▶ _EXERCISE AIM_:
Transcribe the whole listing below. Pictures do not go in the copy.

▶ _STORED DATA_:
'''
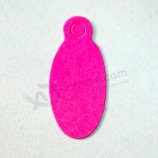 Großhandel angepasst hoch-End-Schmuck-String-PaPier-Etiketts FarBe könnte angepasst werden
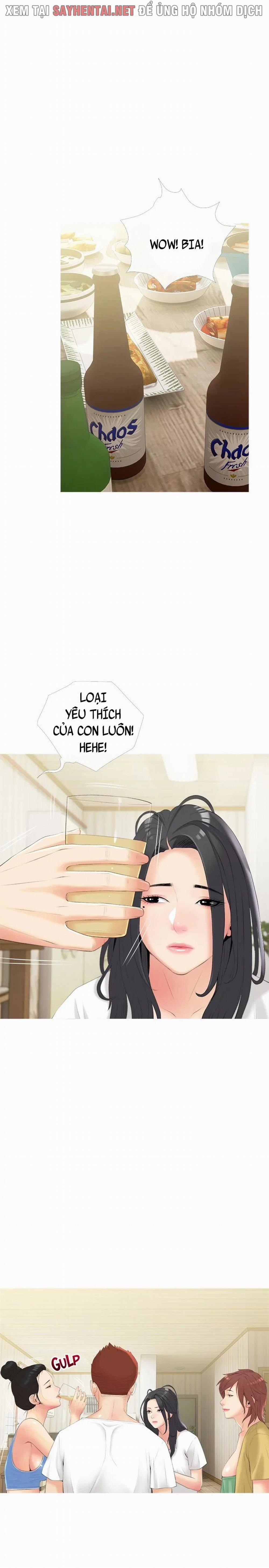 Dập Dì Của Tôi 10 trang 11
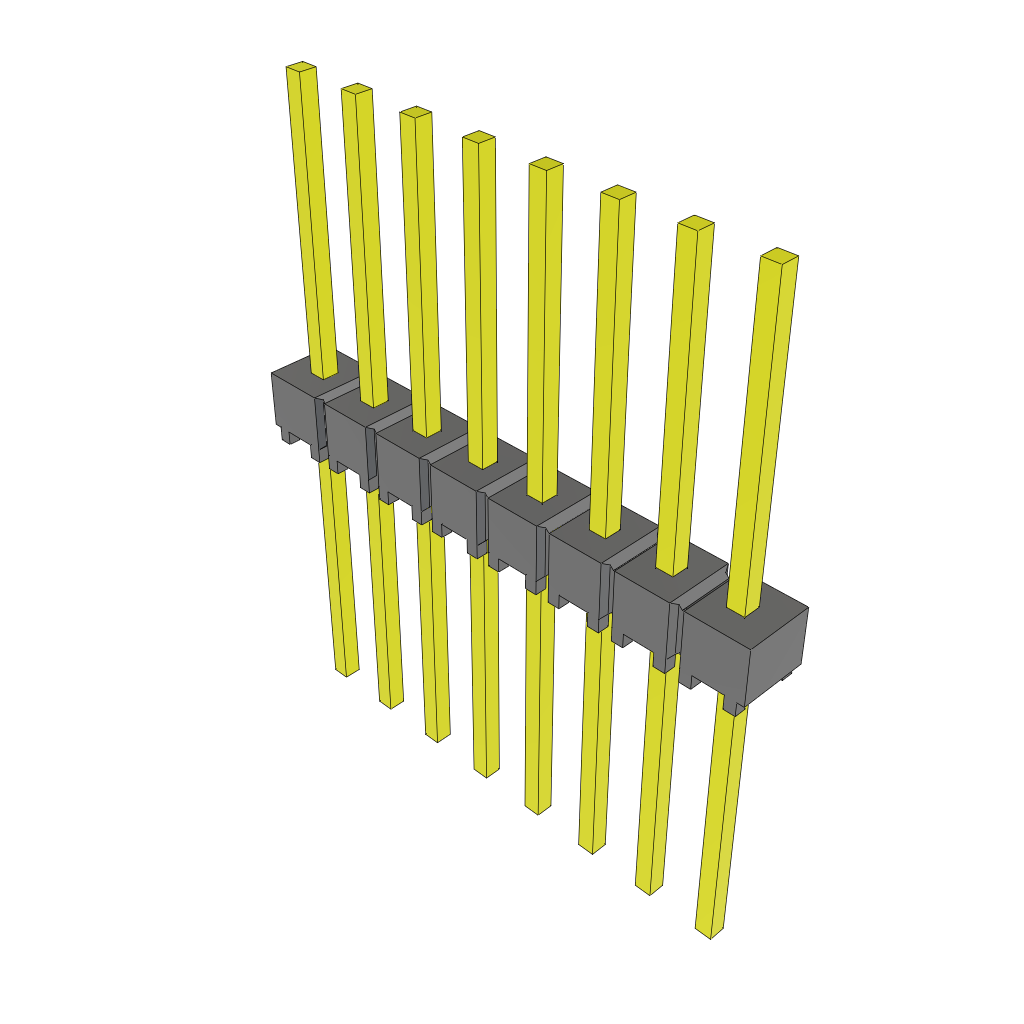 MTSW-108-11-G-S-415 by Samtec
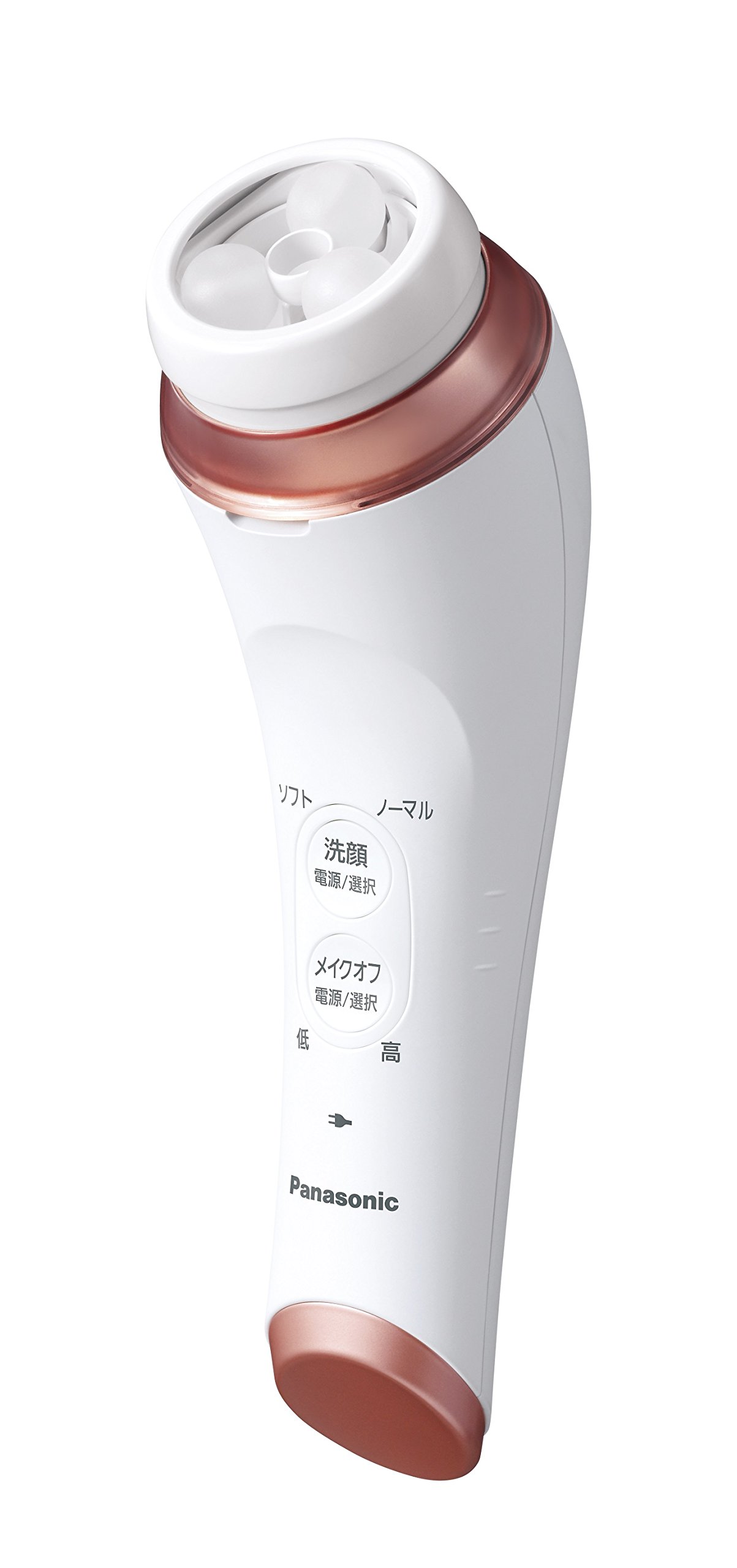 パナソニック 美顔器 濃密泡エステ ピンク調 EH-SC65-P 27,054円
'''
▶ _FINISHED EXERCISE_:
 Großhandel angepasst hoch-End-Schmuck-String-PaPier-Etiketts FarBe könnte angepasst werden
 Dập Dì Của Tôi 10 trang 11
 MTSW-108-11-G-S-415 by Samtec
 パナソニック 美顔器 濃密泡エステ ピンク調 EH-SC65-P 27,054円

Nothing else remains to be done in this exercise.